Renormalization of theσmodel at finite temperature

Abstract

The temperature dependence of a many-body theory with the dynamics defined by the relativistic linear $\sigma$ model is studied. The model has SU(2) × SU(2) chiral symmetry with fermions belonging to a (½,0) + (0,½) representation interacting with the $\sigma$ and $\pi$ mesons belonging to the (½, ½) representation of the chiral symmetry group. The dimensional-regularization technique together with the renormalization procedure of 't Hooft is used to reproduce the well-known result that the counterterms of the symmetric theory remove the divergences of the theory with spontaneous symmetry breaking, without however the need for invoking auxiliary fermion fields. Renormalizability is maintained at finite temperatures by the cancellation of temperature-dependent infinities which appear at the two-loop level. This is shown explicitly for the ground-state expectation value of the scalar $\sigma$ field at the two-loop level. When the symmetry is explicitly broken by the term $f_{\pi }{m_{\pi }}^2\sigma$ the symmetry of the original Lagrangian is never restored.
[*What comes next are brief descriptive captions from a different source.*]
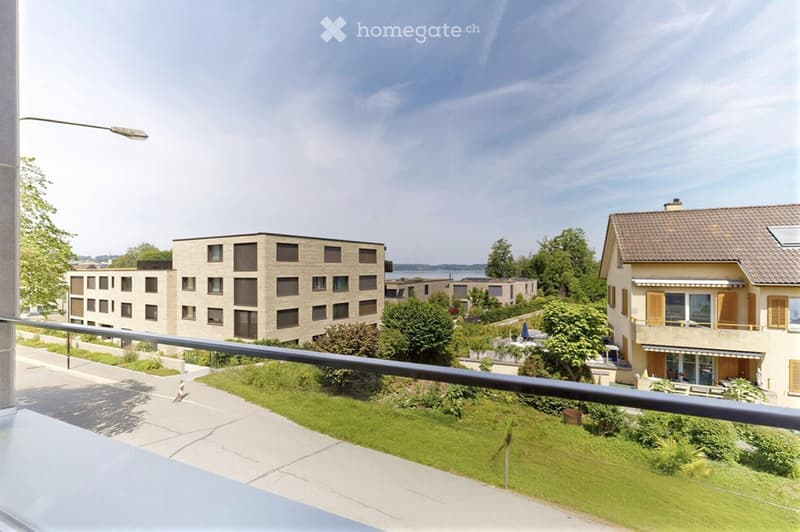 View from a balcony showing a modern residential complex with a mix of apartment buildings and single-family houses, surrounded by greenery and a well-maintained lawn.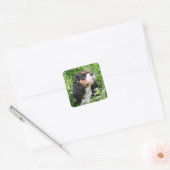 Tri Color Cavalier King Charles Spaniel Dog Quadratischer Aufkleber (Umschlag)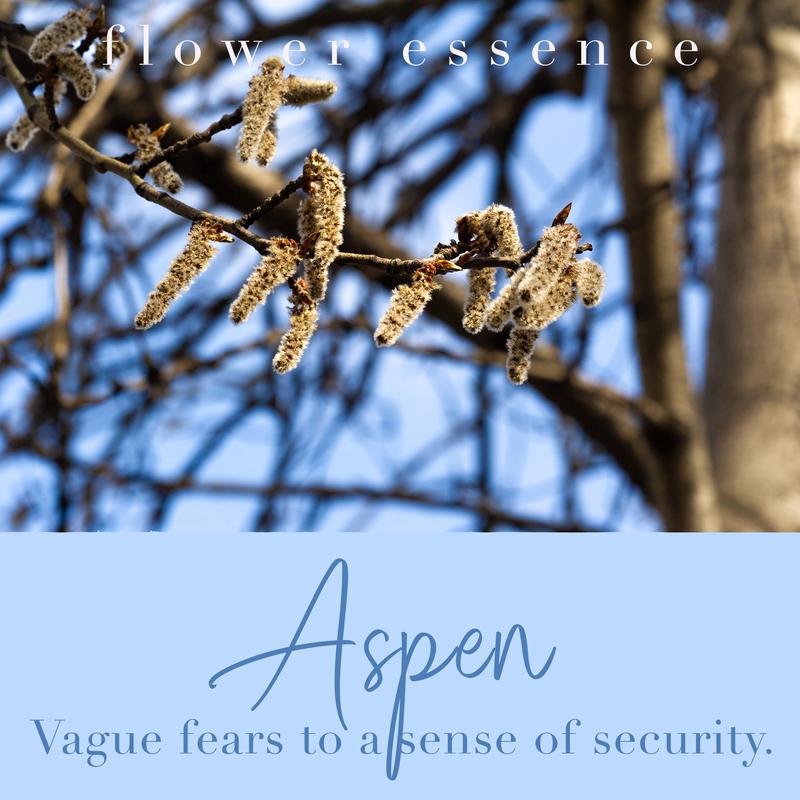 Aspen Flower Essence Wholesale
In the absence of such a term a symmetry change with temperature is realized and the persistence of the Goldstone mode up to a critical temperature $T_c$, above which the original symmetry is restored, is verified. Thus below $T=T_c$ the low-energy theorems of current algebra associated with the existence of the Goldstone pions would be valid except that all parameters of the theory develop finite, temperature-dependent, corrections. A parallel discussion for density dependence of the symmetry is included. All calculations are done in the real-time formalism for the thermodynamic Green's functions.